*WHAT THIS TASK INVOLVES*
Each line starting at the one that contains "Jaanvi - Yellow Kaftan Night Suit" and ending at the one that contains "Brady B30C-4000-595-WT White" must be returned exactly, and the rest of the listing is left out.

*THE DATA*

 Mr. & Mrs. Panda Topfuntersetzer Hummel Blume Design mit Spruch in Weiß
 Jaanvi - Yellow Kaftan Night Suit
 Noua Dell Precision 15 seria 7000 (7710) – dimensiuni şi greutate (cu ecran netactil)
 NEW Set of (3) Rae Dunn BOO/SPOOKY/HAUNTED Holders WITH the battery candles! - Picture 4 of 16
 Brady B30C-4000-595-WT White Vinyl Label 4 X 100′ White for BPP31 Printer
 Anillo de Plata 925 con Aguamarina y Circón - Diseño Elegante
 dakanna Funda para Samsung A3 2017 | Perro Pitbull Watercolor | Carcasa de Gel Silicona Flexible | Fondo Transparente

* * *

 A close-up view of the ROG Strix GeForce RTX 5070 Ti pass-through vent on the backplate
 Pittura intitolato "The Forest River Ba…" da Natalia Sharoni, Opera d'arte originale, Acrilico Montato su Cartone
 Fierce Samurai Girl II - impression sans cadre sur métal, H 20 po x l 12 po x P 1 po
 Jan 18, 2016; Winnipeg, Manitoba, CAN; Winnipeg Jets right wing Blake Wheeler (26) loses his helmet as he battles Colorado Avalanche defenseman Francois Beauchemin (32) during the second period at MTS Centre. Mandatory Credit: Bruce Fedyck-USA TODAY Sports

...

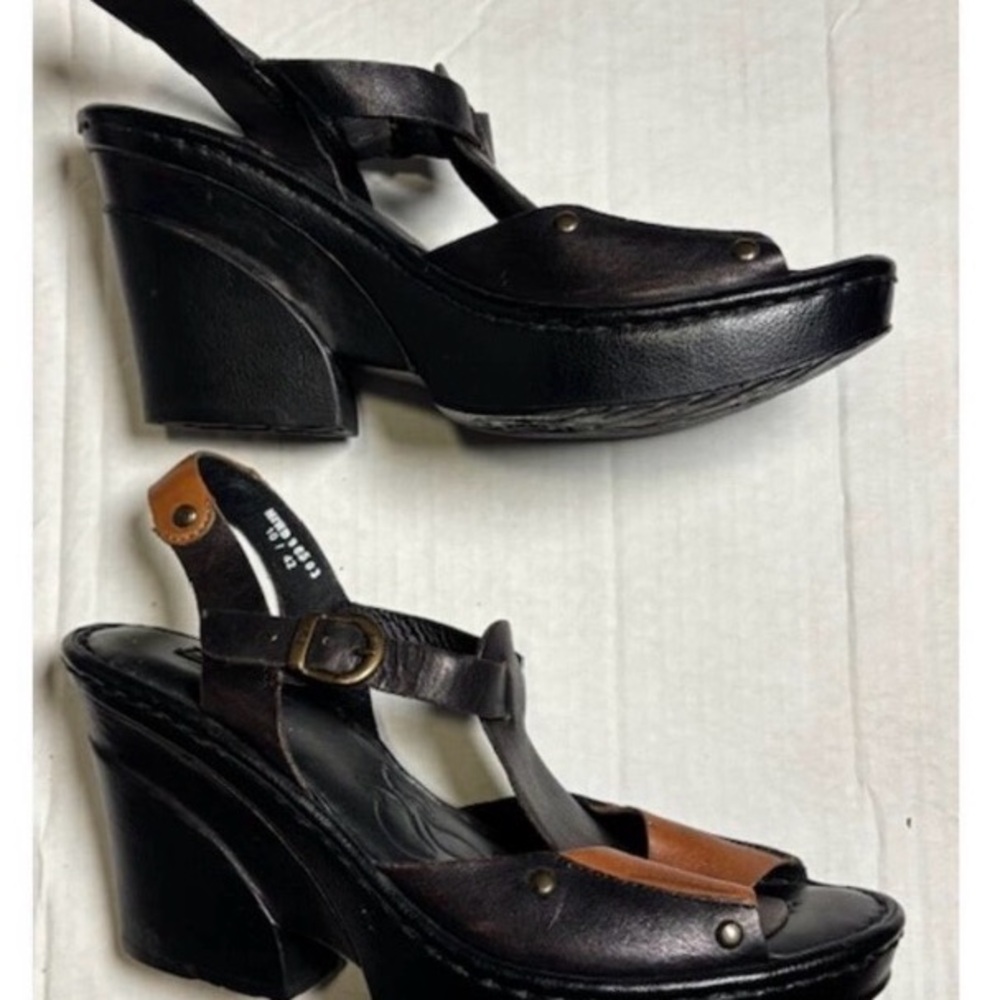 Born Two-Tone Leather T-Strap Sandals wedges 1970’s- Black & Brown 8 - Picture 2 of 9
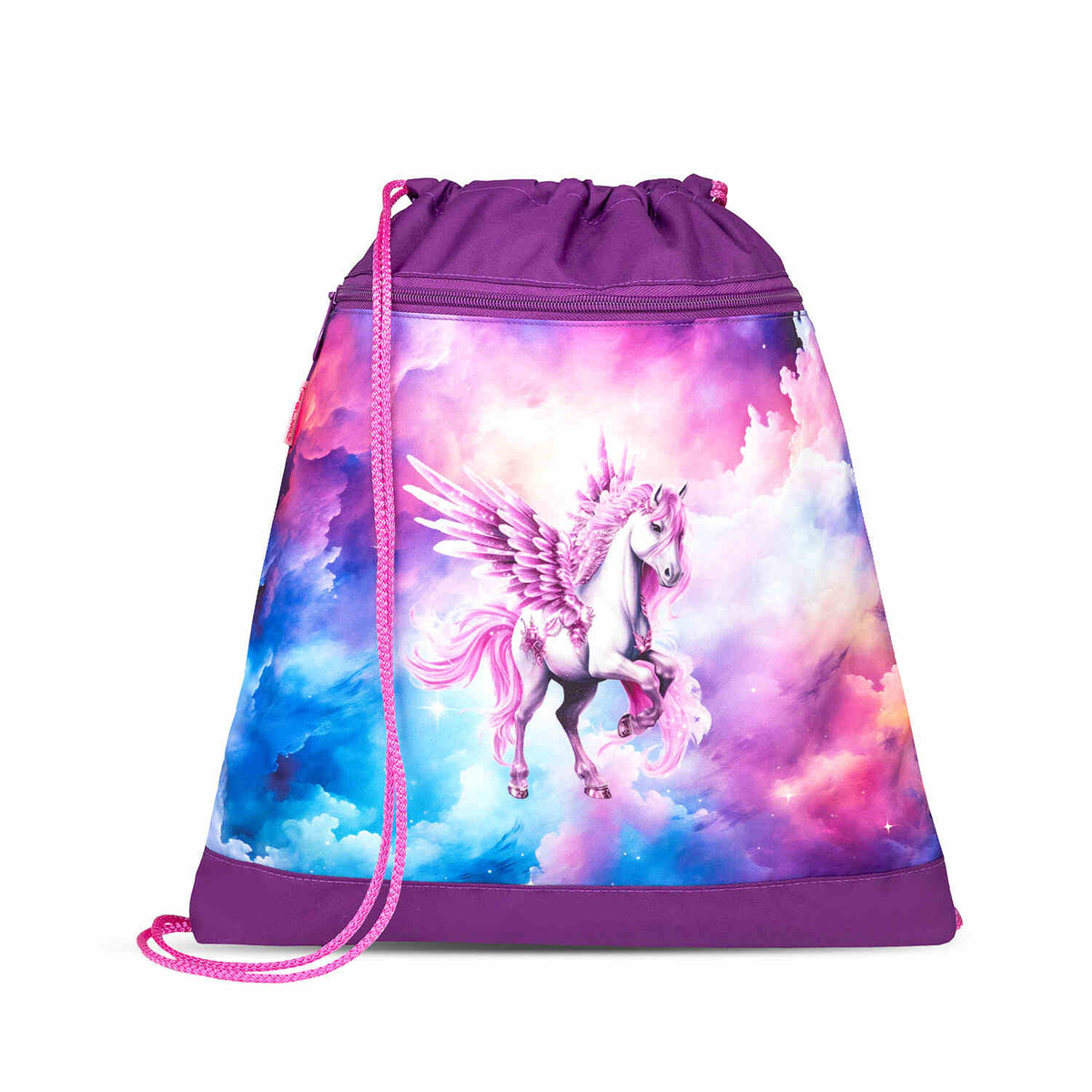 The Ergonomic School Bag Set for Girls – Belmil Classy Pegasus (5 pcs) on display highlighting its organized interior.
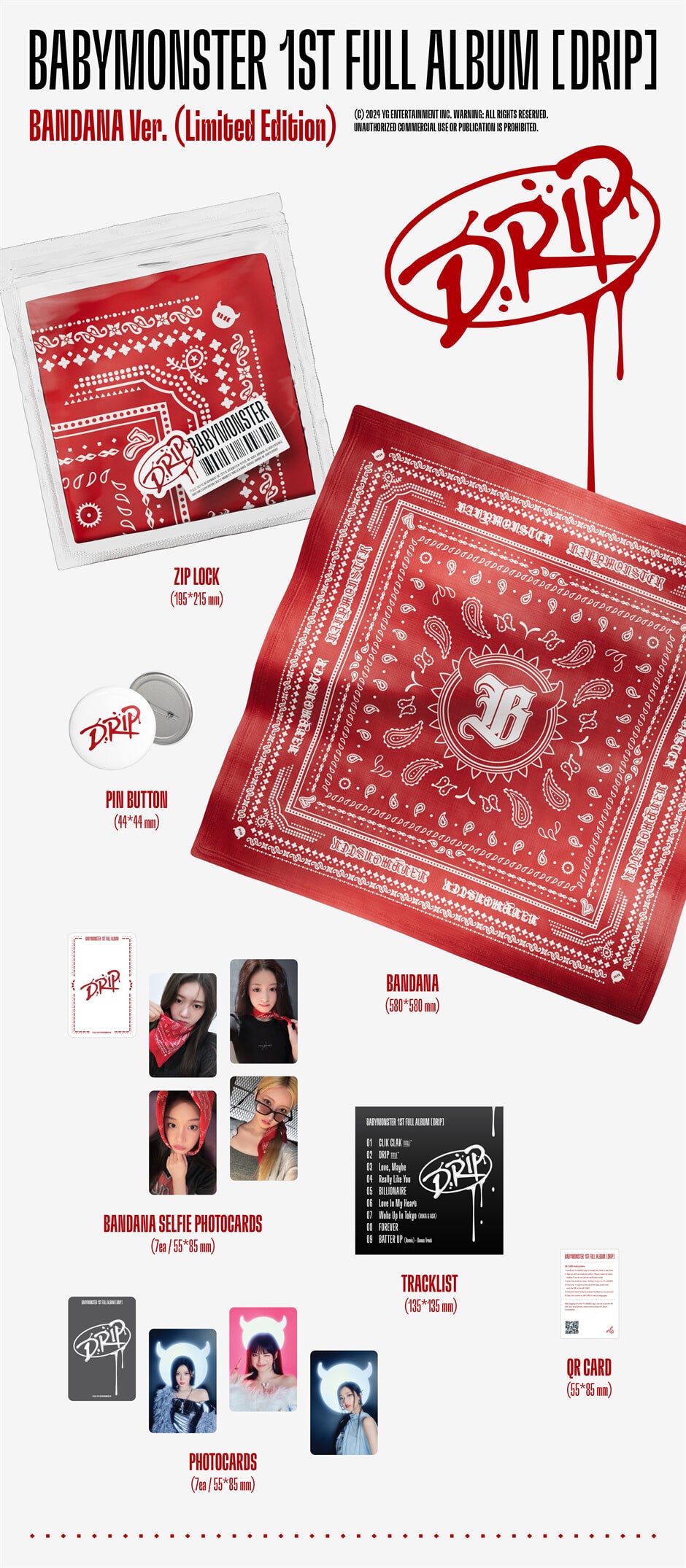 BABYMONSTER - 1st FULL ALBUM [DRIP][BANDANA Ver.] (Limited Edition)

*RESULT BELOW*
 Jaanvi - Yellow Kaftan Night Suit
 Noua Dell Precision 15 seria 7000 (7710) – dimensiuni şi greutate (cu ecran netactil)
 NEW Set of (3) Rae Dunn BOO/SPOOKY/HAUNTED Holders WITH the battery candles! - Picture 4 of 16
 Brady B30C-4000-595-WT White Vinyl Label 4 X 100′ White for BPP31 Printer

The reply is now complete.